I watched Randy Pausch’s last lecture video as well as read the official transcript on his lecture. This way I was able to have a better understanding of what he was discussing. I really enjoyed the lecture that Randy gave. He opened his lecture with a great attitude and audience engaging humor.
He talked about how you should always be a Tigger in life. By saying this, he meant to never loose your childlike wonder and to have fun with every aspect of your life. Although Dr. Pausch only had three to six months to live, he didn’t let that stop him from living his life to the fullest. By him keeping a positive attitude and having his childlike wonder, he was able to keep his dreams alive and strive forward to the things ahead. For children, they believe they can do anything and set their goals as high as they can imagine. We should always try and let the child inside of us come out so that we don’t set limits to our dreams. Pausch taught a class at Carnegie Mellon University that was a project based learning class. He said that "The best way to teach somebody something, is to have them think that they're learning something else." I think this is a great view for teaching students.

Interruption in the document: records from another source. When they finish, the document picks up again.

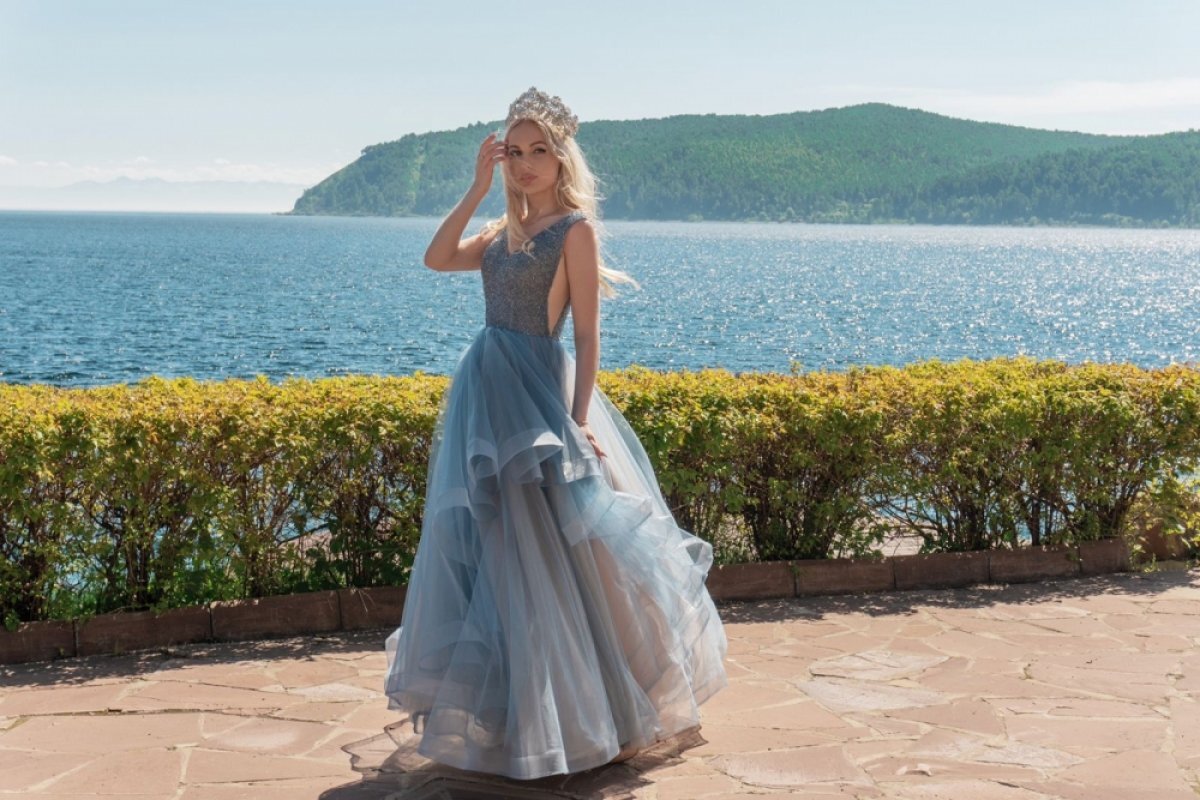    Началось голосование в конкурсе «Мисс и миссис красавица Иркутска 2023»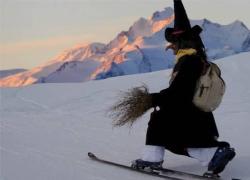 Befana, la storia (breve) ma vera della signora della calze tutte rotte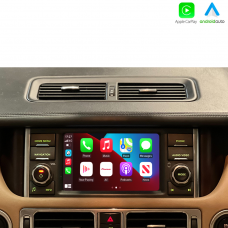 Wireless Apple Carplay Android Auto Interface for Range Rover L322 2009-2012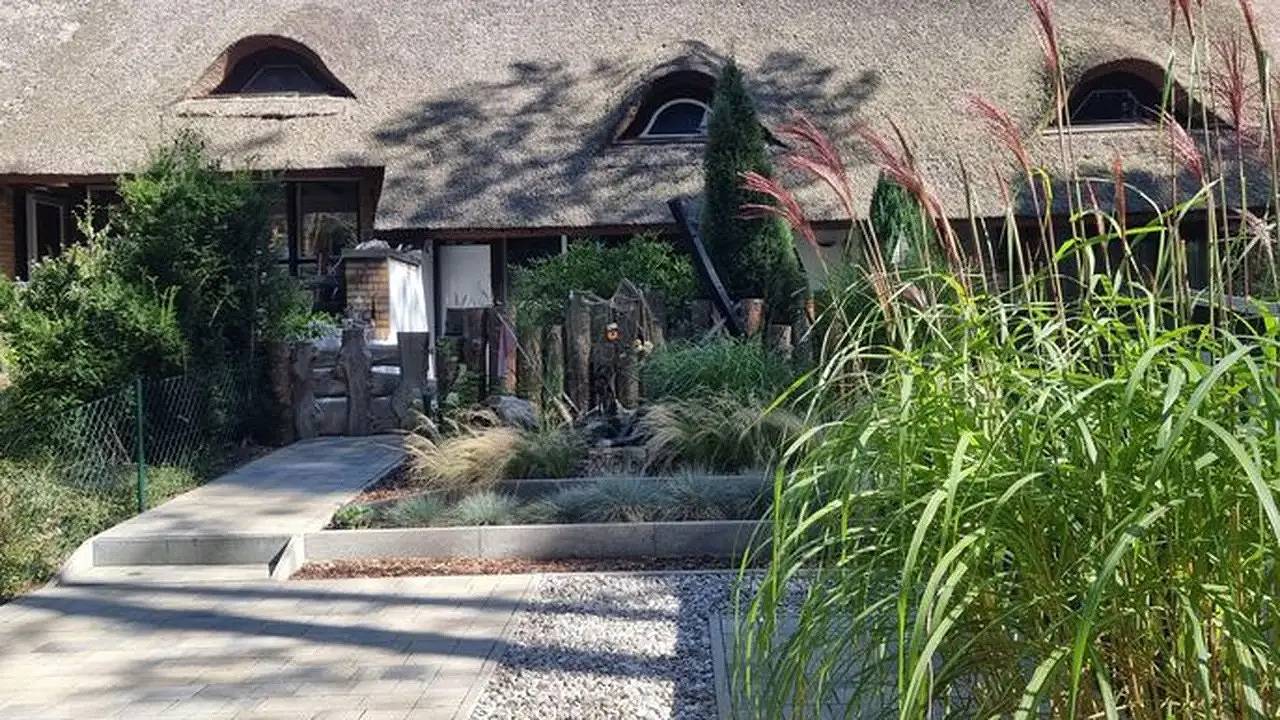 Ferienhaus für 4 Personen (75 m²) in Ostseebad Karlshagen, Karlshagen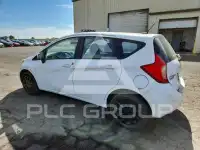 2016 Nissan VERSA фото
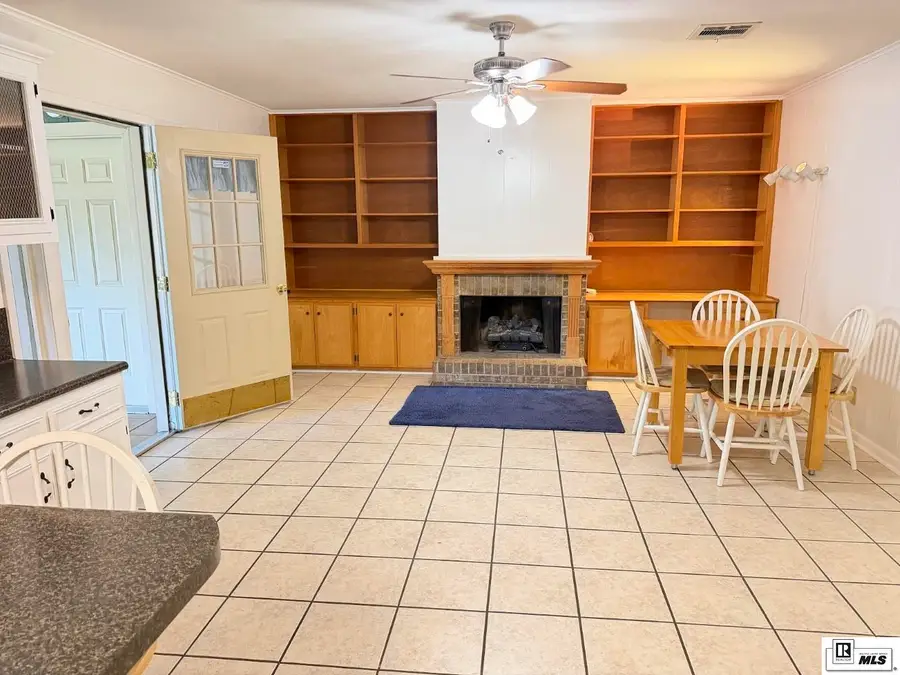 1903 Howard Drive, Monroe, LA 71201 - #3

In Dr. Pausch’s lecture, he also spent a lot of time discussing dreaming. Everyone has dreams, especially when we were younger. Dr. Pausch never gave up on his dreams, though. By bringing in life stories, Pausch was able to keep the audience interested in what was being said. He describes all the dream that ran through his head as a child such as: Being in zero gravity, playing in the National Football League, authoring an article in the World Book Encyclopedia, being Captain Kirk, winning stuffed animals, and being an Imagineer.He stated that it is important to have specific dreams to go after. He continued to reach for them until he experienced each of them in a way that satisfied him. When you have a dream, you have to have the mindset that one day they will actually happen and you must keep striving for them, even when the going gets tough. As a teacher, we will have students come to us with dreams that only they could imagine. We must encourage them to never stop chasing their dreams and to never give up on them. When assisting students in reaching their goals, we are helping them take knowledge outside of the classroom and chase their dreams in the real world. We can help them to turn their dreams into reality. Dr. Pausch also talks about a “head fake”. This is the concept of teaching you students a certain game or activity, but in reality they are learning life lessons from it. In these situations, the task is not really about the activity but more about learning teamwork, social skills, or anything else that could be helpful to a child as they grow up.

I learned a lot from Randy about teaching and learning. He let his students create and learn in a way that they enjoyed what they were doing. He gave his students an interesting project and let them be in control which lead to amazing results for the projects. We must learn from our failures and mistakes in order to learn to do things correctly. One example in doing this would be to learn to take criticism well and improve with the advice that is given to us. As teachers, we have to know the right way to give criticism so that it still encourages our students to improve. I thought Randy Pausch did an excellent job delivering his lecture by keeping the topic light and by keeping the audience interested in what was being said.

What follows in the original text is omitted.